Schwindel, Übelkeit, Erbrechen und Gangunsicherheit bei einem Kind sind sehr verdächtig auf ein Medulloblastom. Obwohl vor allem Kinder von dem embryonalen Kleinhirn-Tumor betroffen sind, sollte eine solche Raumforderung auch bei älteren Erwachsenen in Erwägung gezogen werden, raten der Onkologe Dr. Emmanuel Mduma und seine Kollegen (Muhimbili University of Health and Allied Sciences, Dar es Salaam, Tanzania). Der Anlass ist die Krankengeschichte einer 51-jährigen Frau.
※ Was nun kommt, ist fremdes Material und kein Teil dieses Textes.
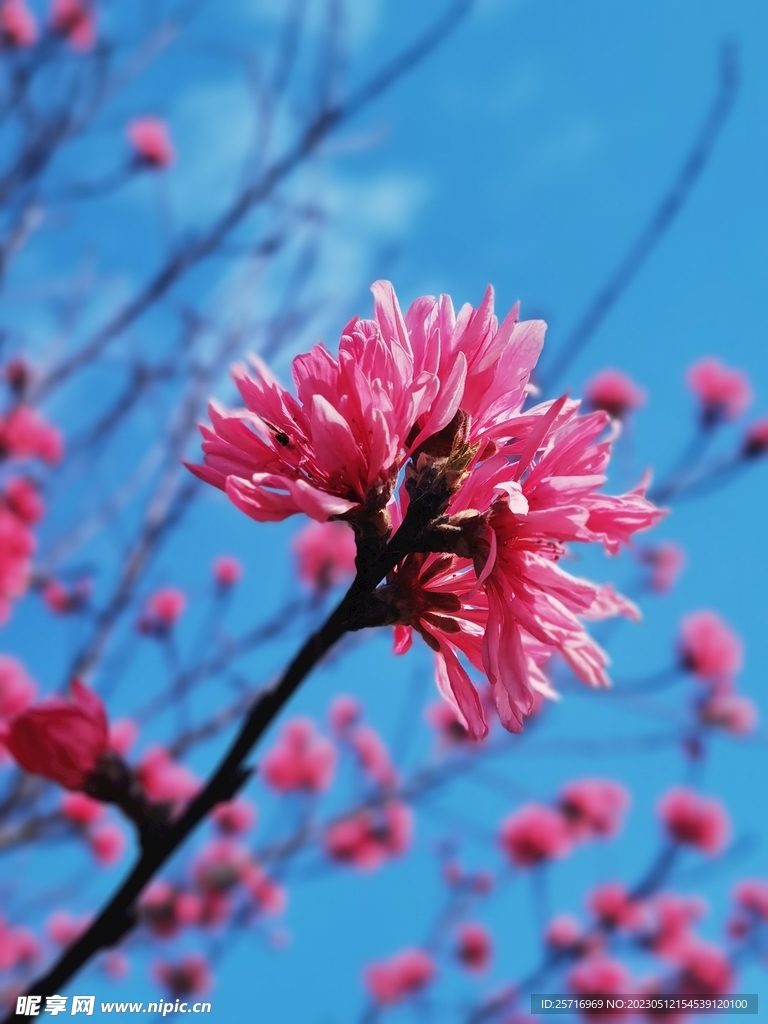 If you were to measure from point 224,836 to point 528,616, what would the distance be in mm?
6002

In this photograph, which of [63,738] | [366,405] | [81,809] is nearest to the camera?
[366,405]

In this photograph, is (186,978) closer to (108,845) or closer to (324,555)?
(108,845)

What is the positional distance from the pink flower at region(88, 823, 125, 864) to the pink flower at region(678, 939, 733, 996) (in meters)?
3.88

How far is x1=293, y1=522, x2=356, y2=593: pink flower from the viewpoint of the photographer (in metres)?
3.94

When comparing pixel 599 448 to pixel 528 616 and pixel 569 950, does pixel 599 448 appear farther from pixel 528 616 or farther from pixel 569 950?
pixel 569 950

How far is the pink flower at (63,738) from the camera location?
3.43 ft

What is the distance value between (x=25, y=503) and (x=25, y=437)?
0.32 m

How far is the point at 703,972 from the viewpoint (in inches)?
219

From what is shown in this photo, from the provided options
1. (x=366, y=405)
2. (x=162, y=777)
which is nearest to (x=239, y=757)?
(x=366, y=405)

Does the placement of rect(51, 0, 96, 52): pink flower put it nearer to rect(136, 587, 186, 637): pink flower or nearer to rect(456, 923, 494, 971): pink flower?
rect(136, 587, 186, 637): pink flower

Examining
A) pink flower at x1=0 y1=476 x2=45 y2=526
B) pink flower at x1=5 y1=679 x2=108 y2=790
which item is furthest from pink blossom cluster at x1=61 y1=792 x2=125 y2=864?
pink flower at x1=5 y1=679 x2=108 y2=790

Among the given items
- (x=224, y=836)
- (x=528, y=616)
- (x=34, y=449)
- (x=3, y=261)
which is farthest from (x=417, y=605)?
(x=224, y=836)

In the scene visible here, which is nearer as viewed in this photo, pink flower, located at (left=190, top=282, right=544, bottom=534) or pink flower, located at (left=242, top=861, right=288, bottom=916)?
pink flower, located at (left=190, top=282, right=544, bottom=534)

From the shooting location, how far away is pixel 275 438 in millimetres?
905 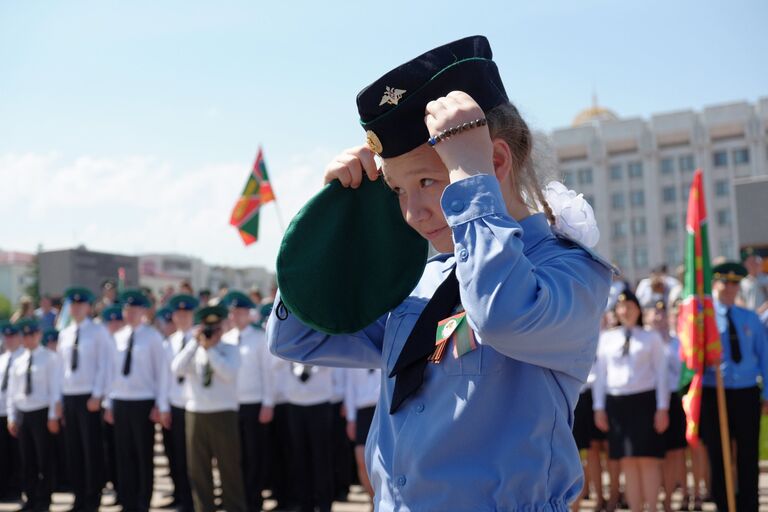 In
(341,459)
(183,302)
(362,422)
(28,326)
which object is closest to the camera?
(362,422)

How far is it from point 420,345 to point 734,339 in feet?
22.0

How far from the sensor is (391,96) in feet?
6.19

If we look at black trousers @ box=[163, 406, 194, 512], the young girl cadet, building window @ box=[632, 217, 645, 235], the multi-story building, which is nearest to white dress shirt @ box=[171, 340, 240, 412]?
black trousers @ box=[163, 406, 194, 512]

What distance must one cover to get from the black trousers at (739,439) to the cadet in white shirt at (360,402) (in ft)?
10.7

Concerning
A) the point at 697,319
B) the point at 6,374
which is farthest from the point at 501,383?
the point at 6,374

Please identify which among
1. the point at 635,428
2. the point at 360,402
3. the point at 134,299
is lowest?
the point at 635,428

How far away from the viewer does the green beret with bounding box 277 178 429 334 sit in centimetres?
208

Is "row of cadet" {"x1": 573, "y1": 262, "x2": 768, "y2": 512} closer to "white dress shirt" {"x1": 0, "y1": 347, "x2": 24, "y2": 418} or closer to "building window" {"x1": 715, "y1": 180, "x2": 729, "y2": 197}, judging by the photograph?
"white dress shirt" {"x1": 0, "y1": 347, "x2": 24, "y2": 418}

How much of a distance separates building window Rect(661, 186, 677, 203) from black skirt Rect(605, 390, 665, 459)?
77.7 metres

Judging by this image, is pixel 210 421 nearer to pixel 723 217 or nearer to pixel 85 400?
pixel 85 400

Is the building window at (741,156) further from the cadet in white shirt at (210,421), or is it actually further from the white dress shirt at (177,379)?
the cadet in white shirt at (210,421)

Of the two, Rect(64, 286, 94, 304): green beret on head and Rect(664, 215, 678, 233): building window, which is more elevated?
Rect(664, 215, 678, 233): building window

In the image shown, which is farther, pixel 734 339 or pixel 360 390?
pixel 360 390

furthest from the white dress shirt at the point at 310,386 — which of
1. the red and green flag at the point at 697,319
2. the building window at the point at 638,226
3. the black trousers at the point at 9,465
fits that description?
the building window at the point at 638,226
Die Patientin und ihre Geschichte

Die Frau klagte vor allem über okzipitale Kopfschmerzen, die seit über einem Jahr mit Schwindel und plötzlichen Erbrechen einhergingen. Sie hatte keine chronischen Krankheiten in der Vorgeschichte. In ihrer Familie gab es keine Krebs-Erkrankungen. Die Frage nach dem Konsum von Tabak, Alkohol oder anderen Drogen verneinte sie.

Die Befunde

  • Die körperliche Untersuchung war normal; unauffällig waren auch die Vitalwerte.  
  • Die neurologische Untersuchung ergab keine Hinweise auf Störungen der Hirnnerven-Funktionen; motorische oder sensorische Defizite wurden auch nicht festgestellt.
  • Auffällig war jedoch eine schlechte Bewegungskoordination.
  • Laboruntersuchungen einschließlich eines HIV-Tests waren unauffällig.
  • Eine zerebrale MRT zeigte eine Raumforderung in der linken hinteren Schädelgrube.

Therapie, Diagnose und Verlauf

Nach präoperativer Anlage eines ventrikuloperitonealen Shunts wurde eine subtotale Tumorresektion vorgenommen. Die histologische Untersuchung ergab ein Medulloblastom. Einen Monat nach der Operation zeigte eine MRT einen Resttumor in der hinteren Schädelgrube ohne leptomeningeale Ausbreitung. Die Onkologen stuften den Tumor als Hochrisiko-Tumor ein und behandelten die Patientin mit Chemo-und Radiotherapie. Die MRT-Untersuchung nach der Behandlung zeigte einen deutlichen Rückgang des Tumors. Derzeit gehe es der Patientin, abgesehen von leichtem Schwindelgefühl, gut, berichten die Onkologen. 

Diskussion und Empfehlungen 

Das Medulloblastom (MB) ist ein bösartiger Hirntumor, der bei Erwachsenen sehr selten vorkommt, vor allem bei Menschen über 40 Jahren. Das MB macht weniger als 1 % aller primären Hirntumore bei Erwachsenen aus. Bei Kindern sind Medulloblastome hingegen die häufigsten primären malignen Hirntumore. Etwa 20–40 Prozent aller Hirntumoren bei Kindern sind Medulloblastome. Zehn bis 50 Prozent der aggressiven Tumore haben zum Zeitpunkt der Diagnose schon gestreut. Am häufigsten sind dabei sogenannte Abtropfmetastasen. Diese breiten sich entlang des Subarachnoidalraums oder der spinalen Achse aus. Deutlich seltener sind Metastasen ausserhalb des Nervensystems (etwa 5 % der Patienten). Die Standardtherapie besteht aus einer Operation in Kombination mit einer Bestrahlungs- und Chemotherapie, die individuell festgelegt werden. Auch bei Erwachsenen über 50 Jahren sollte das Medulloblastom in die Differentialdiagnose von Raumforderungen der hinteren Schädelgrube einbezogen werden, raten Emmanuel Mduma und seine Kollegen.